Wednesday, June 22, 2011

Chicken Biryani


Looks like I am on a dedication spree. The credit for this recipe goes to my darling husband. A delicate blend of spices to make an aromatic and light flavoured rice and chicken. Make a vegetable or boondi raita and your sure to steal the show. Thanks for sharing this Flav. And Gody hope you try this out! :)


Ingredients... (Serves 5-6)
For Marination
1 Kg Chicken 
1 Cup Curd 
1 Tsp Turmeric powder
2 Tsp Chilli powder
1.5 Tsp Salt

For Masala/gravy
4 Tbsp Oil
3 Cloves
4 Cardamom
1 inch piece Cinnamon
3 Onions (finely chopped)
1 Tomatoes (finely chopped)
2 Tsp Biryani or Meat Masala
3 cups Basmati Rice

Here's what to do...
Mix the chicken, curd, turmeric, chilly powder and salt in a bowl and marinate covered for about 2 hours (overnight in the refrigerator is best).

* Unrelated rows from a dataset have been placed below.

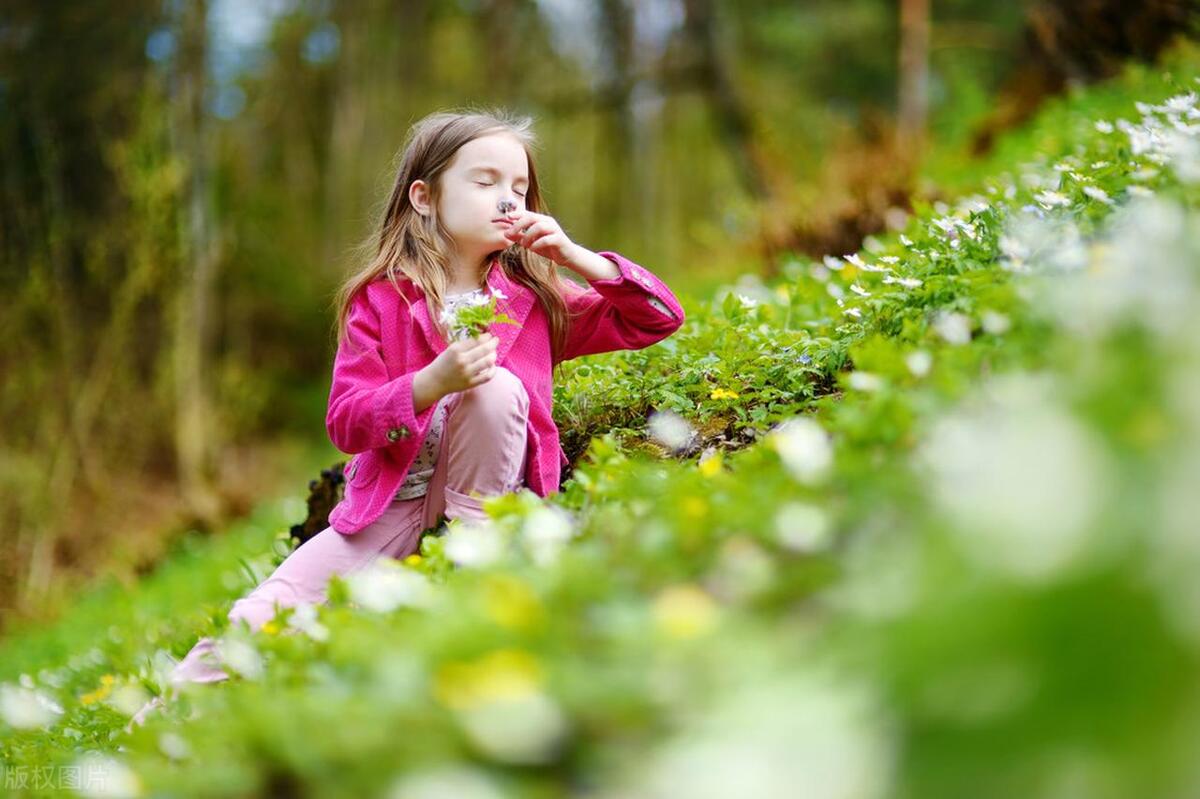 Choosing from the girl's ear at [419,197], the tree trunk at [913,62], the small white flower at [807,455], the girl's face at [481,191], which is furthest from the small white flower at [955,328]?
the tree trunk at [913,62]

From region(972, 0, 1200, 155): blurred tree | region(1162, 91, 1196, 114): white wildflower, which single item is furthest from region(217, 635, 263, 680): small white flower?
region(972, 0, 1200, 155): blurred tree

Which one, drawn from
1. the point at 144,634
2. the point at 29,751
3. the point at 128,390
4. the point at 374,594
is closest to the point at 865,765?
the point at 374,594

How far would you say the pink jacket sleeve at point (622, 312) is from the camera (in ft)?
9.20

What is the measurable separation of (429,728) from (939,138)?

Heat oil in a pan, add cloves, cardamom, cinnamon and fry till the cinnamon changes color.

Add onions and fry till golden brown. Add tomatoes and biryani masala and fry till the mixture appears uniform and turns reddish orange in color.

Now add the chicken and cook the mixture on a medium flame till the chicken is half done (should be able to poke it easily with a fork).

Wash the rice and add 3 cups of water in a rice cooker. Add the entire chicken curry mix from above in the rice. Mix well and allow it to cook for about 20 min. There will not be any gravy left; just the masala.

Your biryani is ready.

Tips and Garnishing...
To make it more authentic, add fresh mint leaves while preparing the chicken masala (add along with the tomatoes). And finally when the biryani is done, garnish with fresh coriander.

If you do not

have a rice cook, use a pressure cooker or a cooking pot with lid and follow the same procedure.